* The problem *
What you return must match the listing below exactly, minus any pictures.

* Given data *
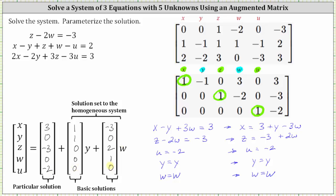Now we have the solution expressed in the required form. The first column matrix is called the particular solution. The column matrices representing the coefficients of y and w are called the basic solutions. When the second and third column matrices are multiplied by y and w, their sum is the solution set to the corresponding homogeneous system — that is, when all three equations equal zero on the right.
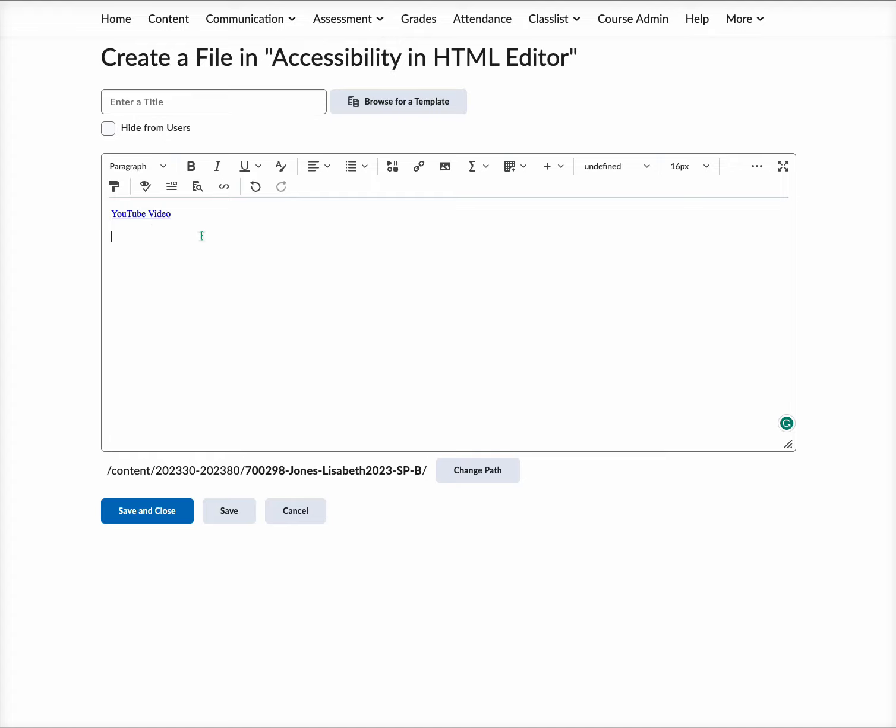Now the next thing we're going to look at is alternative text, and this is something that you want to add to images. It helps the screen reader and helps users who may have problems with visual information. When you're adding alternative text, it should indicate the content of the image, it should be short, only a few words, and it shouldn't be repetitive. You don't want to label it with information that's already within the visual text for the image.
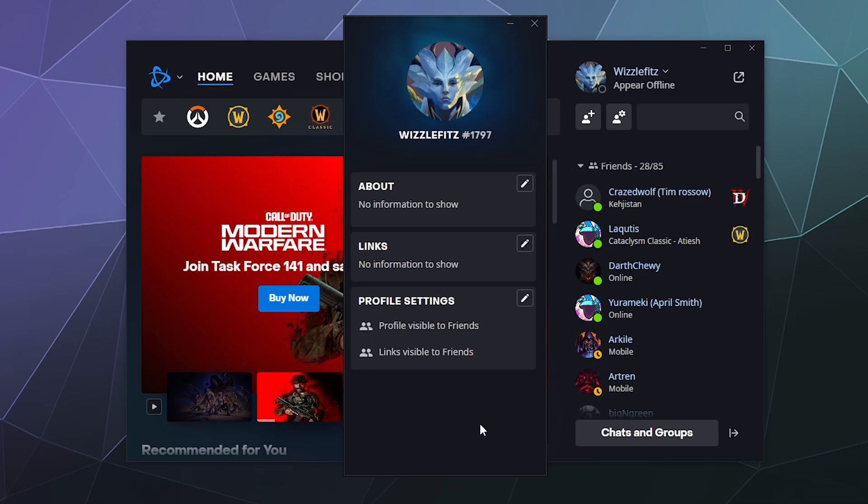So I hope you found this helpful. I've been your host Larry. This has been a brief look at how to change your privacy settings on the Battle.net launcher.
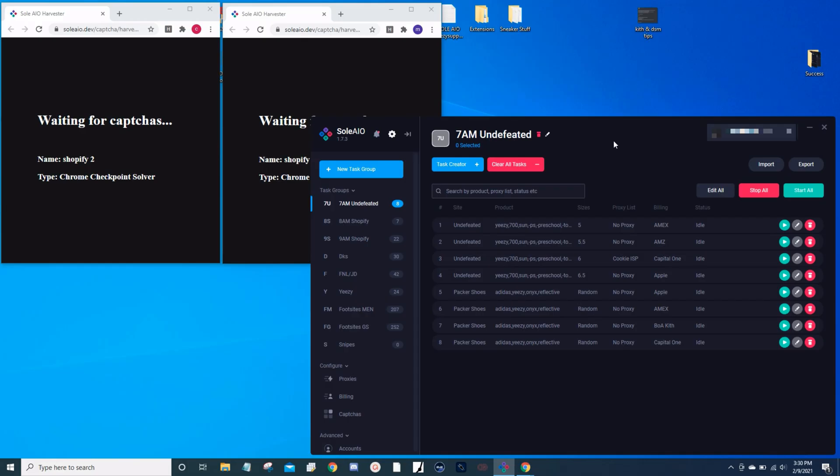Hey, how's it going everyone? Tomorrow we have the Jordan 1 Neutral Gray dropping, and these are hype. Unfortunately, they'll only be dropping on Sneakers Shopify sites like Kith, Undefeated, DSM Shop, Nice Kicks. They're not going to be dropping on Foot sites, so it's going to be more limited. Let's get right to it.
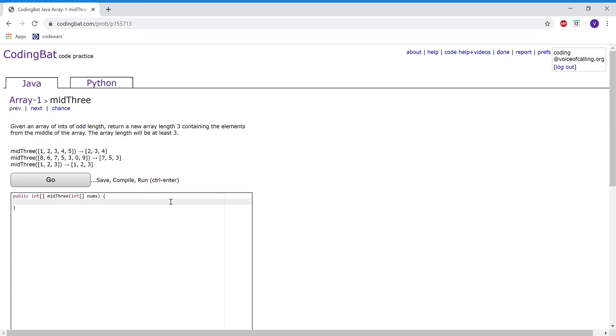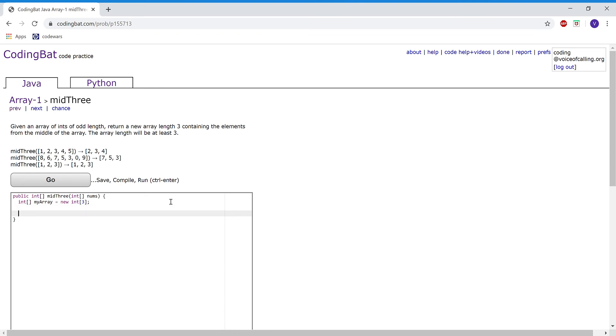For this problem, we're going to create an integer array called myArray and set that equal to new int[3]. We're going to create three spaces, and then create an integer variable called middle and set it to nums.length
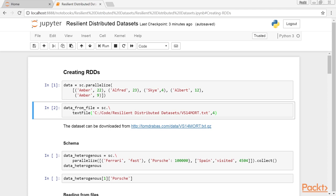Spark can read from a multitude of file systems, local ones such as NTFS, FAT, or Mac OS Extended, or distributed file systems such as HDFS, S3, Cassandra, among many others.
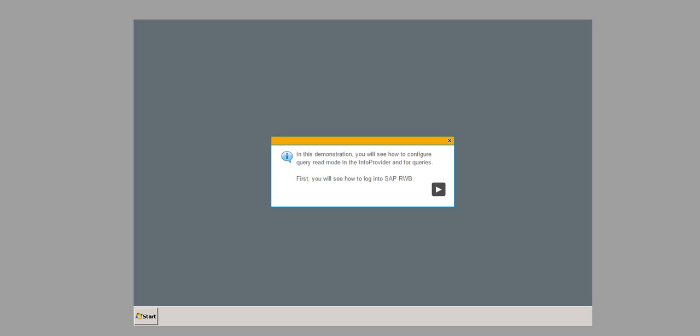In this demonstration, you will see how to configure Query Read Mode in the info provider and for queries.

* Problem solution *
Now we have the solution expressed in the required form. The first column matrix is called the particular solution. The column matrices representing the coefficients of y and w are called the basic solutions. When the second and third column matrices are multiplied by y and w, their sum is the solution set to the corresponding homogeneous system — that is, when all three equations equal zero on the right.
Now the next thing we're going to look at is alternative text, and this is something that you want to add to images. It helps the screen reader and helps users who may have problems with visual information. When you're adding alternative text, it should indicate the content of the image, it should be short, only a few words, and it shouldn't be repetitive. You don't want to label it with information that's already within the visual text for the image.
So I hope you found this helpful. I've been your host Larry. This has been a brief look at how to change your privacy settings on the Battle.net launcher.
Hey, how's it going everyone? Tomorrow we have the Jordan 1 Neutral Gray dropping, and these are hype. Unfortunately, they'll only be dropping on Sneakers Shopify sites like Kith, Undefeated, DSM Shop, Nice Kicks. They're not going to be dropping on Foot sites, so it's going to be more limited. Let's get right to it.
For this problem, we're going to create an integer array called myArray and set that equal to new int[3]. We're going to create three spaces, and then create an integer variable called middle and set it to nums.length
Spark can read from a multitude of file systems, local ones such as NTFS, FAT, or Mac OS Extended, or distributed file systems such as HDFS, S3, Cassandra, among many others.
In this demonstration, you will see how to configure Query Read Mode in the info provider and for queries.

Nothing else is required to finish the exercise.